Chronique

Cyril Achard Duo avec Géraldine Laurent

Visitation

Cyril Achard (g), Géraldine Laurent(as)

Label / Distribution : ACM Jazz Label

La rencontre entre ces deux musiciens d’exception n’allait pas vraiment de soi. Quoi de commun entre l’univers du guitariste provençal, depuis longtemps certes tourné vers une carrière internationale, mais toujours fidèle à ses racines locales, et les multivers, si l’on peut dire, de la saxophoniste niortaise, installée à Paris ?

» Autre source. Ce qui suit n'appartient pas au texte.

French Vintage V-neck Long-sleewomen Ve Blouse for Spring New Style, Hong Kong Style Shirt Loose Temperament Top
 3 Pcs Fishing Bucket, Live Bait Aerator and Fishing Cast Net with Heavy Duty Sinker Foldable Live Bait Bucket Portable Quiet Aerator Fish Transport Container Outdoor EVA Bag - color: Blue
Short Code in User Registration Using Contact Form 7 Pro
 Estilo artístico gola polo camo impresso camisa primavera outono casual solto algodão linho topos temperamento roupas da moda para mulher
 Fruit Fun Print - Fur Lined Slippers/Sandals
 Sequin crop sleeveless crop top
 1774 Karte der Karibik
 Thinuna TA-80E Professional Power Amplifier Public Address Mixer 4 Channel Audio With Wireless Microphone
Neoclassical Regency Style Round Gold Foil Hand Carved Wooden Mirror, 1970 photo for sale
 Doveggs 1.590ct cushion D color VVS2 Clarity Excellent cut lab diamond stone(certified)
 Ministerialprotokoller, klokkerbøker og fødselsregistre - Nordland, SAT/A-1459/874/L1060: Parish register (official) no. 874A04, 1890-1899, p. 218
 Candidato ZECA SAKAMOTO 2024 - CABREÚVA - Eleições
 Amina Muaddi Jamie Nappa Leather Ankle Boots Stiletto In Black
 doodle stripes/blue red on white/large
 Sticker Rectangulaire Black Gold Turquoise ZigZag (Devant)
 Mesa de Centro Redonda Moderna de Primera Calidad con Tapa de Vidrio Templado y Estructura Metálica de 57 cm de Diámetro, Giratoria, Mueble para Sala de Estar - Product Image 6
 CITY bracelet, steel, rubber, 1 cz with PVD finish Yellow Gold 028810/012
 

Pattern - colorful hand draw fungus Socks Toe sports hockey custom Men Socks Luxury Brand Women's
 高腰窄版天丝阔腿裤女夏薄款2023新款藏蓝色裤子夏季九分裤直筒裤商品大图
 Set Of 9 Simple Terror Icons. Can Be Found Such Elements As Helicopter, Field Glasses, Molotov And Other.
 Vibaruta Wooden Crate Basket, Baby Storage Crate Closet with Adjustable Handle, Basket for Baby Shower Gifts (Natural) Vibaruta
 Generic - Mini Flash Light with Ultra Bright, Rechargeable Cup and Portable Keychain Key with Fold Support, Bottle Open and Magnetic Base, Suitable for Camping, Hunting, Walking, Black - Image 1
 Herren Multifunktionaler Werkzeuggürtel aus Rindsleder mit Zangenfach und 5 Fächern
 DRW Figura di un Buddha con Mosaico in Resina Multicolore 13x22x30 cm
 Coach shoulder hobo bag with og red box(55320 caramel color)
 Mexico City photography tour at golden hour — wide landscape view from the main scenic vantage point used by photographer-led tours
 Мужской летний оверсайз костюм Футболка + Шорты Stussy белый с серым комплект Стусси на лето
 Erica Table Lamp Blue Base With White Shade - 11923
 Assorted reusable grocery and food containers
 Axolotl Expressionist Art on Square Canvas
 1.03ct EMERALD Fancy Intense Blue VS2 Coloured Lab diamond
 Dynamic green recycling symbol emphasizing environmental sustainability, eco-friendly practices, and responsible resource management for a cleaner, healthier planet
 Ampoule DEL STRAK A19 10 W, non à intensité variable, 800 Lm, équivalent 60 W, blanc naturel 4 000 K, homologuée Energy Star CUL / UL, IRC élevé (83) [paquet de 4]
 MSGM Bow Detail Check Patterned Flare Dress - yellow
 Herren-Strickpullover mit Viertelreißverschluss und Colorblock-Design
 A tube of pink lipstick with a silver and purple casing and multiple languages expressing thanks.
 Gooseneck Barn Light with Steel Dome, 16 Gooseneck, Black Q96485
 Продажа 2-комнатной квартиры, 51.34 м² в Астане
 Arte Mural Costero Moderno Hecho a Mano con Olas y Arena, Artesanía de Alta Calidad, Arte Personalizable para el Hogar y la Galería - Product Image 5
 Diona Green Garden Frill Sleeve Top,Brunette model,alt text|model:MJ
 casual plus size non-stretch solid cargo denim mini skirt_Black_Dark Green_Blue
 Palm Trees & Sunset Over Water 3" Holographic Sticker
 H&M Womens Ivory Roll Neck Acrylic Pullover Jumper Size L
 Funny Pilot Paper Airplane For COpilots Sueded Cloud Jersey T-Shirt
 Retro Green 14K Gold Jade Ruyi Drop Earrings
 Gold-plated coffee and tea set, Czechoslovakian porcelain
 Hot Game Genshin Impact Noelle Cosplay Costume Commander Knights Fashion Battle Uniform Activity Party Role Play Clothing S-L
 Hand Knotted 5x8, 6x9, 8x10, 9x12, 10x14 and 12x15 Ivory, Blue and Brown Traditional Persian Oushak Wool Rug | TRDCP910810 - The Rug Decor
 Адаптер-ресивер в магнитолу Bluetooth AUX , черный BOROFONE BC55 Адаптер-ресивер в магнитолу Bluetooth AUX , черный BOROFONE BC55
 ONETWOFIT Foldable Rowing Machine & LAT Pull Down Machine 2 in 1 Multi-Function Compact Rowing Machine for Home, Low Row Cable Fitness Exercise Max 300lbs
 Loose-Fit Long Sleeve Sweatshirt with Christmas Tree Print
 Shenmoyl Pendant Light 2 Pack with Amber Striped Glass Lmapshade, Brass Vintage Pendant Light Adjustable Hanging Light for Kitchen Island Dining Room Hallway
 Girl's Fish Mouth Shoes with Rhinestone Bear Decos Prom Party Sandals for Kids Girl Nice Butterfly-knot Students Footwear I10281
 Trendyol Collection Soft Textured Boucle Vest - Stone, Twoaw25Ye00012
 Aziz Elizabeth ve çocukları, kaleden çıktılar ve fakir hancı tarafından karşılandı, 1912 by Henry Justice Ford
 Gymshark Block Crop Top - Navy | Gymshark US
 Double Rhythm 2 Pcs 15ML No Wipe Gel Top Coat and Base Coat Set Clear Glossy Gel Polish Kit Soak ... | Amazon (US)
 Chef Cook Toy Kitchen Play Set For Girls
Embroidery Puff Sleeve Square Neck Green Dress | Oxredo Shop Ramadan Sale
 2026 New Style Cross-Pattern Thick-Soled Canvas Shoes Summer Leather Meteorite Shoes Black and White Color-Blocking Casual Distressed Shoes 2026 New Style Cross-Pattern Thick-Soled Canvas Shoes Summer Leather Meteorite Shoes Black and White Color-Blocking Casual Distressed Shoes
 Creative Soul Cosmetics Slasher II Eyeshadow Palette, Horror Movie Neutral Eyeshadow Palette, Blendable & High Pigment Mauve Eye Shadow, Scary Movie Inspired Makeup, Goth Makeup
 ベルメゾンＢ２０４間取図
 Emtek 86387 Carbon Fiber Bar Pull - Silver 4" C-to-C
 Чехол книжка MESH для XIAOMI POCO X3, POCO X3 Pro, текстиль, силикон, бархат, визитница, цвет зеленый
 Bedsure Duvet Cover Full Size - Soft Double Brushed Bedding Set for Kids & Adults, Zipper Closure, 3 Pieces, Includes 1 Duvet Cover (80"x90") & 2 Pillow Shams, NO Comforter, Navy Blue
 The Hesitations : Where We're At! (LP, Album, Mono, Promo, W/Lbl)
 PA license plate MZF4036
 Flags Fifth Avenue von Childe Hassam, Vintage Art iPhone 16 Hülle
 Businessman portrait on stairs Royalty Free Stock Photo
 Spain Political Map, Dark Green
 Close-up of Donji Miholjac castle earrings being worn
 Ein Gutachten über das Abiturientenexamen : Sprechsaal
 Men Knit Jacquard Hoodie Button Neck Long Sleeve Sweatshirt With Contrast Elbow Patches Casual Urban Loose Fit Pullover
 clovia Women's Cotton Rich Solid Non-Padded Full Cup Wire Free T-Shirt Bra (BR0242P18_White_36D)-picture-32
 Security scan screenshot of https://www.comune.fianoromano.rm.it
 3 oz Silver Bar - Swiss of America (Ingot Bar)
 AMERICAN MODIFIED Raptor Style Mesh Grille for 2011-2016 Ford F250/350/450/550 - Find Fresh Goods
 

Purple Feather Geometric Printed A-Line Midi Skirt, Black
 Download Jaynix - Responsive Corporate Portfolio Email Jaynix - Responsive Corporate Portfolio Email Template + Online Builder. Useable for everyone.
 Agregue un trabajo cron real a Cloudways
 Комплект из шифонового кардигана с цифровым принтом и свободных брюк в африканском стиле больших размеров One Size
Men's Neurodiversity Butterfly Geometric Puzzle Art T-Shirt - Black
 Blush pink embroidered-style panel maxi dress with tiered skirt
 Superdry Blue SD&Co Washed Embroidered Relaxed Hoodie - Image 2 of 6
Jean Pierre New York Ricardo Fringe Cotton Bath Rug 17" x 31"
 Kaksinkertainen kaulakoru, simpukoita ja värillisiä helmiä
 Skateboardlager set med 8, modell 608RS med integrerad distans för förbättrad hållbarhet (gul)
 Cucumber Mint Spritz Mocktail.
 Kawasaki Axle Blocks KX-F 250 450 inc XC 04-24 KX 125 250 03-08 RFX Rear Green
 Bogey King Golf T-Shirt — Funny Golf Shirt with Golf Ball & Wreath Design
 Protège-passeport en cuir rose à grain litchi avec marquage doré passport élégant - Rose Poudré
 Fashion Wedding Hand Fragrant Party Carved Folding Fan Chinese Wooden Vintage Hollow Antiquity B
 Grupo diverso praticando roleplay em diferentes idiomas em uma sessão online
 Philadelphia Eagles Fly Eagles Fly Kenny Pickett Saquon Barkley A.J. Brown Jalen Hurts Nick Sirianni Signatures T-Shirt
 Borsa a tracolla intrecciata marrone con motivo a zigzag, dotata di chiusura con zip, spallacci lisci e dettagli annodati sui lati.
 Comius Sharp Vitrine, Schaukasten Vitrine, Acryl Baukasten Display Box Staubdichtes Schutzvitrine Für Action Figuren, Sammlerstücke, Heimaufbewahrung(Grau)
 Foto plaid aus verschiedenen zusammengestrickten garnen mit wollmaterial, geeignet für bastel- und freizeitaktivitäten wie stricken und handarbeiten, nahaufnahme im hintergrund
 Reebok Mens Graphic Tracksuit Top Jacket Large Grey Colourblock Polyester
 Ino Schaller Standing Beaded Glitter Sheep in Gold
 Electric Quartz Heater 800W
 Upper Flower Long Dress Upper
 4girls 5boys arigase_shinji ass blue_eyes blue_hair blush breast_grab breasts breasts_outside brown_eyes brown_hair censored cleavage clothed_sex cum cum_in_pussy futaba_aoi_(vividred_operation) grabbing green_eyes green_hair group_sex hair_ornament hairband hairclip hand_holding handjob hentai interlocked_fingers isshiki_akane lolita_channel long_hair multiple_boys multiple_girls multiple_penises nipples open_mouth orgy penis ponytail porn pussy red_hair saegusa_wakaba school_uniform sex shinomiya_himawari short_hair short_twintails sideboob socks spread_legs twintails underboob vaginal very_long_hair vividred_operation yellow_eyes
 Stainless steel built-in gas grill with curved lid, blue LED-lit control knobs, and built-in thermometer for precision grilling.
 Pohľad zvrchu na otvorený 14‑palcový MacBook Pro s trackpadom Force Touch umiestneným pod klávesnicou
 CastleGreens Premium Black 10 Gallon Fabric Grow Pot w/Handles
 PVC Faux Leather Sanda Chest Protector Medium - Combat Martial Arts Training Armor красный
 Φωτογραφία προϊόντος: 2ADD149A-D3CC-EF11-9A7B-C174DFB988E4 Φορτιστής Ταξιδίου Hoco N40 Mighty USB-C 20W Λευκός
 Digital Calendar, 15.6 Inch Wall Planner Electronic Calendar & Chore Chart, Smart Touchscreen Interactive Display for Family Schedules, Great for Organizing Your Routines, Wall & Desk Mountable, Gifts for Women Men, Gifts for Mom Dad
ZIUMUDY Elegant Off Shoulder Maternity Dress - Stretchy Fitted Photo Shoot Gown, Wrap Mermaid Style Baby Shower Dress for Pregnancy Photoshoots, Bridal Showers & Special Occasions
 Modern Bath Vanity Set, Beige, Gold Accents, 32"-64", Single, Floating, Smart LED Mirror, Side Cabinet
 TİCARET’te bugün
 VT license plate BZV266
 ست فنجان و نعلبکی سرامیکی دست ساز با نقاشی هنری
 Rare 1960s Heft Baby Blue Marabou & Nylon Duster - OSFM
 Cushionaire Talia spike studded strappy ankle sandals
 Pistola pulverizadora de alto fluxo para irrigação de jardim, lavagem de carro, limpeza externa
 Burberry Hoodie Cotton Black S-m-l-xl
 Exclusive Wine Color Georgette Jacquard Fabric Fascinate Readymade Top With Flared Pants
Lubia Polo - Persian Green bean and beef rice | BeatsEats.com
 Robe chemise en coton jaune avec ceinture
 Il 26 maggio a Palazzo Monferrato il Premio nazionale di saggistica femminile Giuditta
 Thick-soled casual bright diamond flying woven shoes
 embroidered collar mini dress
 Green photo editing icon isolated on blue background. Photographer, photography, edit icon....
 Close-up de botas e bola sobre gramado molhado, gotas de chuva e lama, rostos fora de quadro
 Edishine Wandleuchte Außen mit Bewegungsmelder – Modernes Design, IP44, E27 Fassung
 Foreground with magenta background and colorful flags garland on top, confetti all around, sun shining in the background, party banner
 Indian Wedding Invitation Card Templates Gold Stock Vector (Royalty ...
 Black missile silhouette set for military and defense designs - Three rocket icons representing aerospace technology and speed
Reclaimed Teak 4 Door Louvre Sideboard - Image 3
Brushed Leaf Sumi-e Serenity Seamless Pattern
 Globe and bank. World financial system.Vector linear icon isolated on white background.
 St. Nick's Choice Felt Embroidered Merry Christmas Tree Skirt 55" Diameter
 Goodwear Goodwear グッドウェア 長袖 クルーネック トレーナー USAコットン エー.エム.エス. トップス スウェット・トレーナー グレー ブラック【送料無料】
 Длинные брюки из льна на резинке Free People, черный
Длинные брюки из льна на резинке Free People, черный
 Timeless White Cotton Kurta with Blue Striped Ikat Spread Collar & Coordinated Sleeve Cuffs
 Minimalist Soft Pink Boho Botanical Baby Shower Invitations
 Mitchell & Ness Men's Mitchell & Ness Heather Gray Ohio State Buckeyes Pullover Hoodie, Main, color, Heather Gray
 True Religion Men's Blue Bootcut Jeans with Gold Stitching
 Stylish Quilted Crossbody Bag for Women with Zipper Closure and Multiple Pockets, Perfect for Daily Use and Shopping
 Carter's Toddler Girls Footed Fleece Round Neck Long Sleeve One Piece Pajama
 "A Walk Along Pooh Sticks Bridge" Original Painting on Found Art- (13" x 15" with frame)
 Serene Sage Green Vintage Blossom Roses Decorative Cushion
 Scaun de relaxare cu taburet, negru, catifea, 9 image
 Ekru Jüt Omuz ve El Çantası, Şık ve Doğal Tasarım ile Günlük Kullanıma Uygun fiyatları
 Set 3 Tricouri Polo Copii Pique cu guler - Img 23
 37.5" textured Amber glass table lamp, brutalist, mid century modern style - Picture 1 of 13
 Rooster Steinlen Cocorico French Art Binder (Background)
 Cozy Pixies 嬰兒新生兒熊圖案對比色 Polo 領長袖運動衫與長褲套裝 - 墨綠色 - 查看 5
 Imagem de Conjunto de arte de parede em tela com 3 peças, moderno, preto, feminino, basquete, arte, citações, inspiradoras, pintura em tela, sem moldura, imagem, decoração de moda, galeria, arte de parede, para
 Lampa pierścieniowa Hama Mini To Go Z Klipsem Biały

On sait l’appétence de Cyril Achard pour le jazz électrique, de même que l’on connaît ses tentations acoustiques et sa passion pour la pureté du son de la six-cordes. Praticien zélé de la ré-harmonisation, cet art subtil de la réécriture des standards de jazz qui aboutit à leur mise en abyme, il sait amener son auditoire vers un état de transe et le conduire dans un maelstrom de notes bleues, avec une douceur extrême.
Quant à Géraldine Laurent… On ne lui fera pas l’injure de la présenter de nouveau ici ! Si ce n’est qu’elle développe avec virtuosité un propos plus que jamais orchestral. On y reconnaîtrait peut-être un peu trop vite la patte de Christophe Dal cSasso, l’émérite flûtiste et chef d’orchestre ayant produit ce disque… car lorsqu’une boppeuse de sa trempe s’attache au cadre intimiste d’un duo, on ne peut que s’attendre à du gros son !
La conversation entre ces deux artistes, loin d’être du bavardage, s’apparenterait presque à un dialogue socratique, si ce n’est que les protagonistes, loin de vouloir nous inviter à chercher quelque vérité que ce soit, nous plongent dans un état cathartique, voire utopique. C’est bien dans d’autres lieux, au sens originel du terme, qu’ils nous convient : des espaces éthérés propices à l’émancipation vis-à-vis des cadres établis des musiques de jazz tels qu’ils sont hélas trop souvent formatés par l’industrie musicale. Donnant à voir en écoutant, tellement ils s’écoutent l’un l’autre, le guitariste et la saxophoniste transcendent les codes jazzistiques pour ouvrir des territoires rêvés, tantôt impressionnistes par les couleurs qu’ils génèrent, tantôt expressionnistes par leur capacité à sonder les esprits.
De fait, les entrelacs des timbres de la guitare et du saxophone alto forment une colonne d’ADN dans laquelle les notes se déroulent au rythme de la vie elle-même. Pour s’en convaincre, l’écoute du morceau « La Muse Danse » est essentielle : jeux sur les cadres harmoniques, constamment déplacés, accents sur des notes qui ne sont plus des « cibles », tant elles sont mouvantes et paradoxalement en place, sans oublier l’essence du jazz, les « questions and answers » toujours renouvelées. Il suffit de se laisser caresser par le souffle de Géraldine Laurent, et d’être transporté par la guitare de Cyril Achard (ici proche du luth, tropisme méditerranéen oblige), pour enfin RESPIRER. Car si « Visitation » il y a dans ce duo, elle se situe aux antipodes de la mythologie chrétienne et tend à l’universel.